An archetypal cover-example of the publication’s attempt to display real, in-depth stories about the nation’s tonal talent is that of young songstress Zahara. Zahara, although not being an overly technical musician, perfectly illustrates the musical attitude which Keylock feels is important. “Zahara shows that you don’t have to be a brilliant musician, but you have to have an attitude.”

Jazzy stalwart Hugh Masekela’s embodiment of that same attitude earned him the converted spot on the magazine’s first cover. Keylock describes how, after seeing the 73-year-old’s “vibrant and sexed” performance at a recent Johannesburg jazz festival, he was the only real candidate for the debut cover. “This is our rock star; the biggest rock star that we have. He is a guy who embodies the rock ‘n’ roll spirit.”

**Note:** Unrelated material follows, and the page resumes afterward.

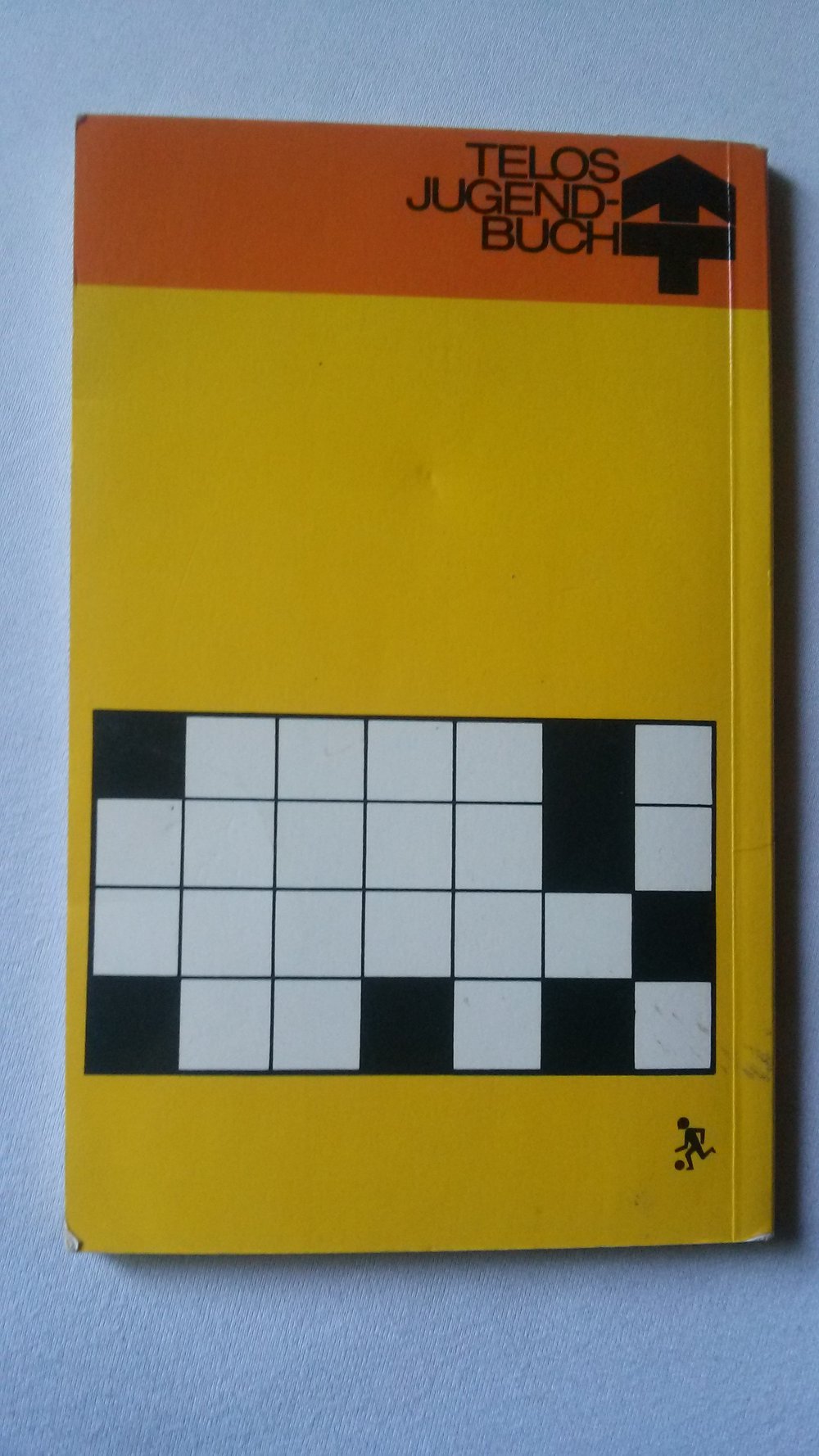 Biblische Rätsel, Kinder, Spaßm Für helle Köpfe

“Hugh Masekela’s connectivity with the youth embodies the ethos that Rolling Stone South Africa wants to embody. He is an icon, with knowledge to share.” That knowledge, in whatever temporal space it is located, should help provide some answers to the many questions that South Africans face. Masekela, in the Rolling Stone article which was also written by Keylock, provides a critique of issues ranging from the socio-economic effect of alcohol on black South Africans, to his current musical views. In this manner, Keylock feels that Rolling Stone addresses questions of the past, present and future, which many South African’s should be asking. “South African’s don’t ask enough of these questions.” He said, “[These questions] are not academic, but popular culture questions, for the man in the street.”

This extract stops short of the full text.